The most loaded preposition in the New Testament is "in." We assume we know what it means, and that assumption is exactly the problem. We do not know what it means, not the way Paul meant it.
The Greek "en" under Paul's pen is doing work that the plain English "in" cannot carry, work that requires the Hebrew Bet to interpret. When Paul writes "en Christo," he is not pointing at a location with the casual ease of saying the milk is in the fridge. He is reaching for a relation his Greek can only approximate, a relation his native Hebrew had a dedicated grammatical category for.
How much can hang on a two-letter preposition? The answer, when the preposition is the hinge of Paul's entire account of salvation, is: nearly everything. Get "in" wrong and you get justification wrong, union wrong, assurance wrong, the whole shape of the gospel wrong. Get it right and a flattened legal transaction turns back into the living, participatory reality Paul was actually describing.
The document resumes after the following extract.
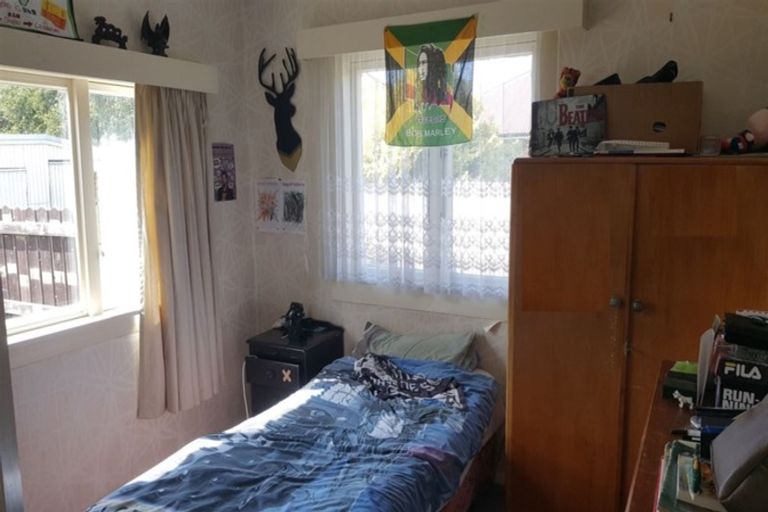 Photo of property in 10 Coronation Street, Waimate, 7924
Look at echad through the old pictographs. The letters are Aleph, Chet, Dalet. Aleph is the ox: strength, the leader, the head. Chet is the fence: a wall, a separation, a boundary. Dalet is the door. One reading of the sequence: the strong leader who breaks through the fence is the door.
Whether or not one leans on pictographic readings, the shape is suggestive. Echad is not static oneness, a thing sitting still. It is dynamic, an act: the breaking of separation, the opening of a way through. Oneness as a verb.
The unifying of what the fence divided. Which is precisely what the gospel claims is happening between God and humanity.
The Shema, "Hear, O Israel: the LORD our God, the LORD is one," is the most repeated sentence in Jewish life, prayed morning and evening, written on doorposts, bound to the body. And the word it uses for "one" is echad, not yachid.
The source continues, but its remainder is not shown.